Six years after being detained in Afghanistan David Hicks is a free man.
Wearing jeans and a green shirt, the 32-year-old former Muslim convert seemed relaxed as he was released from Adelaide's maximum security Yatala prison.
A small group of supporters stood at the gate to mark the occasion.
Hicks left without a word to waiting reporters but his lawyer David McLeod read a statement on his behalf in which Hicks thanked those who had worked to secure his freedom.
"I would like to recognize the huge debt of gratitude that I owe the Australian public for getting me home," he said. "I will not forget or let you down. Next I would like to thank my family and close friends who have been so supportive of me. Words cannot adequately express the level of my feelings for them. I love them very, very much."
Hicks also asked to be left alone to make a "slow and gentle" transition to freedom.
His new life will be subject to strict conditions.
The former detainee must report to the authorities three times a week and comply with a curfew. He is also not allowed to leave the country.
Earlier this month an Australian magistrate approved a request from the police to issue a control order governing his actions, insisting that Hicks still posed a threat to society.

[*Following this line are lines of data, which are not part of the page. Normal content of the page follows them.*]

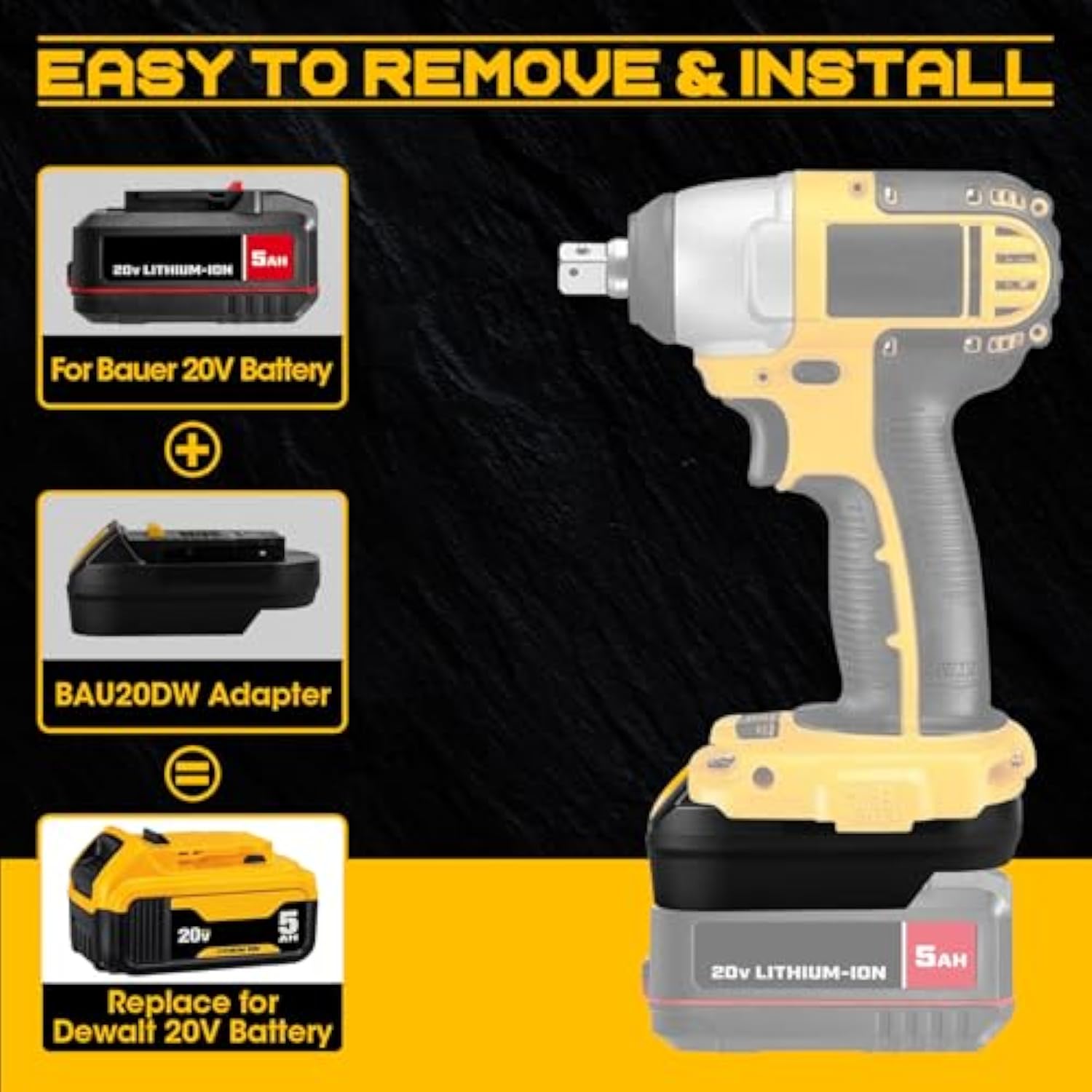 Adapter For Bauer 20V Li-Ion Battery Convert To For Dewalt 20V Max Battery, Use For Dewalt 20V 60V Battery Cordless Power Tools(Adapter Only)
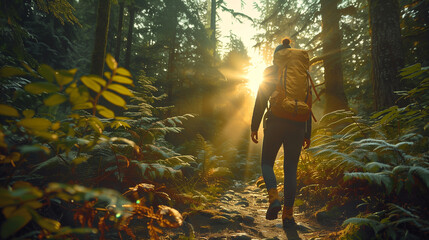 a joyful woman hiking along a sun-dappled forest trail - obrazy, fototapety, plakaty
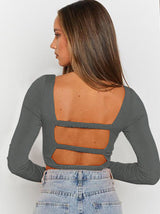 Clistos cutout tie detail long sleeve crop top - View 10 | Clistos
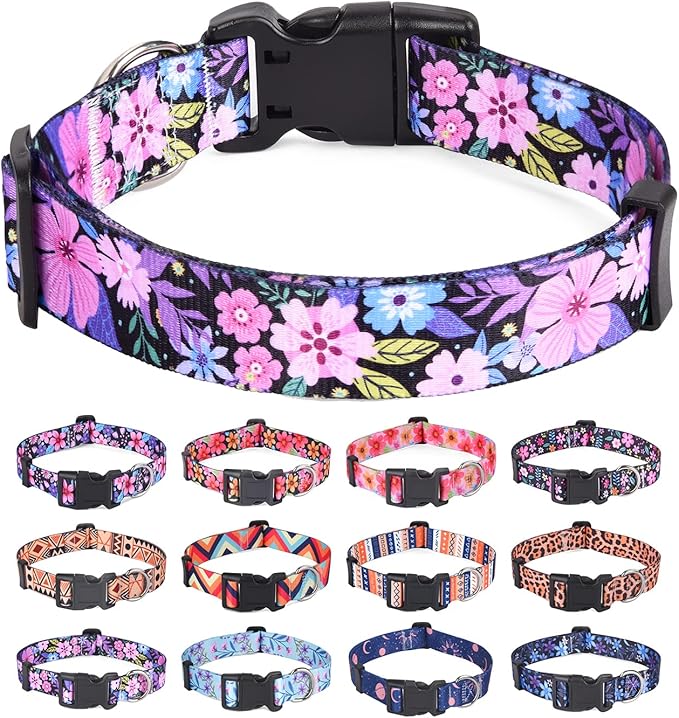 Dog Collars with Soft Comfortable Adjustable Floral Pattern for Small Medium Large Dogs (Floral Pink, XS)
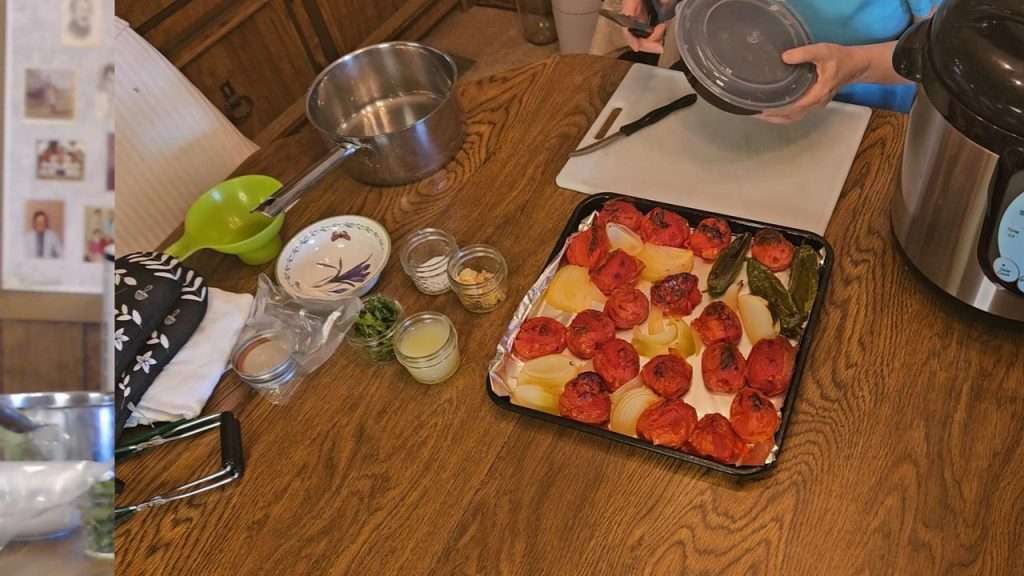roasted tomatoes, onions, and jalapenos are a big part of what add flavor to salsa ranchera.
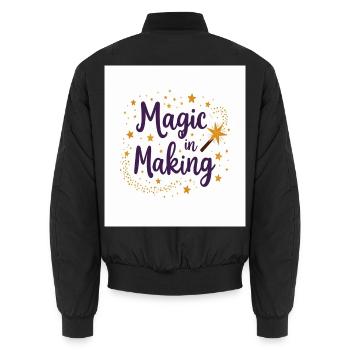 Magie in der Entstehung - Unisex Bomberjacke - Schwarz - Hinten - AI Model Male 185 light (185cm)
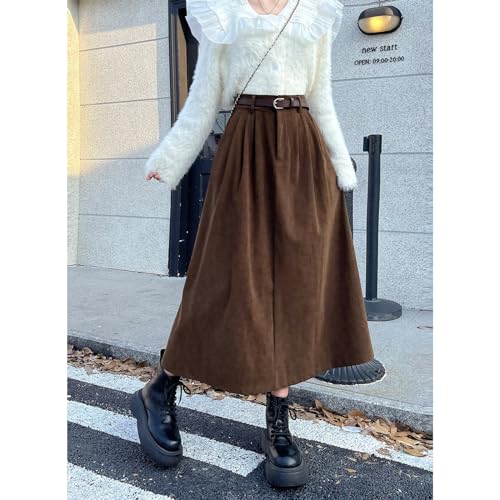 Women's High Waist Midi Skirt Vintage Elastic A-Line Pleated Button Skirts with Pockets3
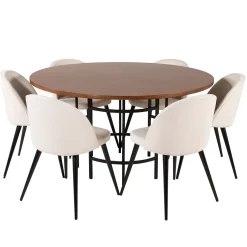 Matgrupp furniture/fashion Copenhagen med 6 Valentina Sammet Stolar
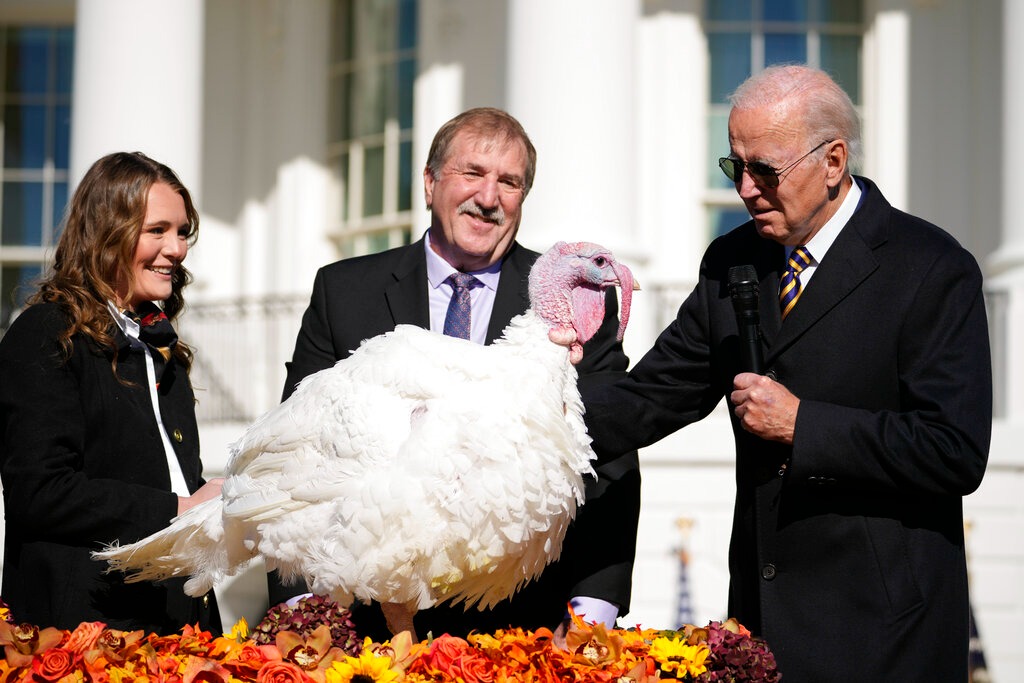 Joe Biden y un pavo para Día de Acción de Gracias. (AP)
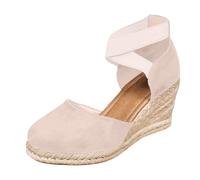 Espadrilles compensées à bout fermé pour femme - Sandales décontractées antidérapantes à talons avec soutien de la voûte plantaire - Chaussures d'été respirantes et confortables - Élégantes et légères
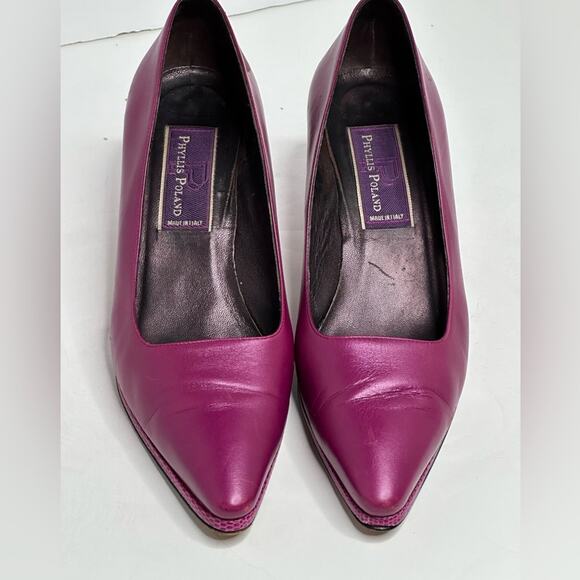 PHYLLIS POLAND 90’s DESIGNER BURGUNDY PINK PUMPS Stunning Snake Heels Edges 8B - Picture 1 of 14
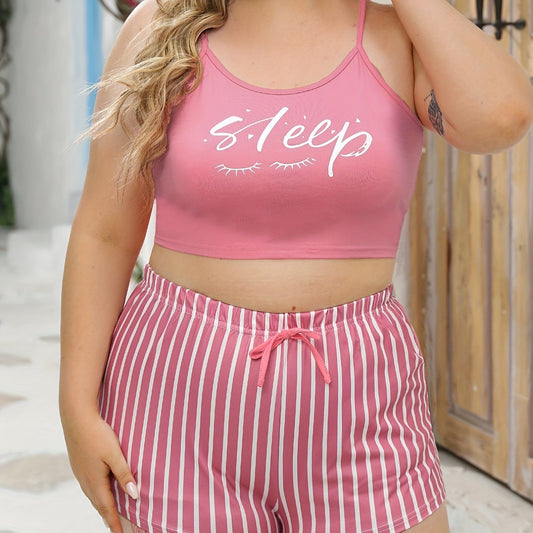  Letter Print Cami Crop Top & Striped Shorts Set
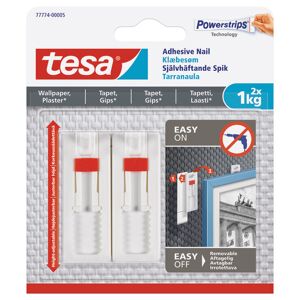 Tesa Powerstrips Klæbesøm 1 Kg 2-Pak Justerbare I Hvid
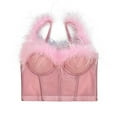 thumbnail image 2 of Xfvqtps Womens Feather Corset Crop Tops Sling Tube Top Spaghetti Straps Bustier Vest Flexible Boned Support Pink, 2 of 7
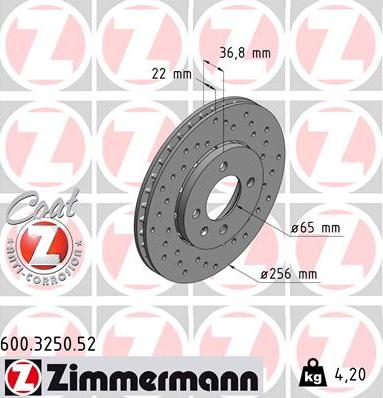 Zimmermann 600.3250.52 - Гальмівний диск autozip.com.ua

His family and his legal team maintain he was a misguided adventurer who never intended to harm anyone.
He was transferred from Guantanamo Bay to an Australian prison nine months ago after striking a deal with American military prosecutors.
In return for pleading guilty to providing material support for an extremist organization, Hicks was sentenced to seven years in prison, though all but nine months' prison time was suspended.
He was allowed to return home in May to serve the remainder of that sentence in his home city.
David Hicks was the first person to be convicted at a U.S. war crimes trial since the Second World War.
Australia's former conservative Prime Minister John Howard said Hicks was treated fairly by the U.S. military tribunal at Guantanamo Bay. Critics said Mr. Howard should have done more to stop an Australian citizen being held without trial for so many years in a foreign prison.
Australia's new Labor government said in a statement that David Hicks was entitled to start rebuilding his life, and his request for privacy should be respected.